Hacker News: brandmeyer

New comment by brandmeyer in "OpenTrafficMap"

brandmeyer — Thu, 30 Apr 2026 12:53:33 +0000

The vast majority of POI churn information comes from streetview + machine learning object detection + automatic change detection + human verification. There are many clever algorithms in play through the entire pipeline.

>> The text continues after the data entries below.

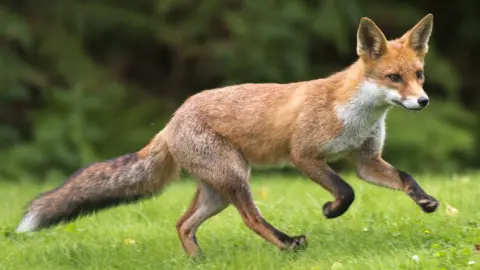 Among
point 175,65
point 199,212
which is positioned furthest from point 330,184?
point 175,65

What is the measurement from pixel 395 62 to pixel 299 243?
1.48m

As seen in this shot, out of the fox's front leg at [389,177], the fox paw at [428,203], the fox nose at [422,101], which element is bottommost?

As moats go, its probably bigger than search.

New comment by brandmeyer in "What every computer scientist should know about floating-point arithmetic (1991) [pdf]"

brandmeyer — Mon, 16 Mar 2026 13:27:42 +0000

> they (might) have a float, and are using the `==` operator, they're doing something wrong.

Storage, retrieval, transmission, and serialization/deserialization systems should be able to transmit and round-trip floats without losing any bits at all.

New comment by brandmeyer in "What every computer scientist should know about floating-point arithmetic (1991) [pdf]"

brandmeyer — Mon, 16 Mar 2026 13:24:52 +0000

Repeating the exercise with something that is exactly representable in floating point like 1/8 instead of 1/10 highlights the difference.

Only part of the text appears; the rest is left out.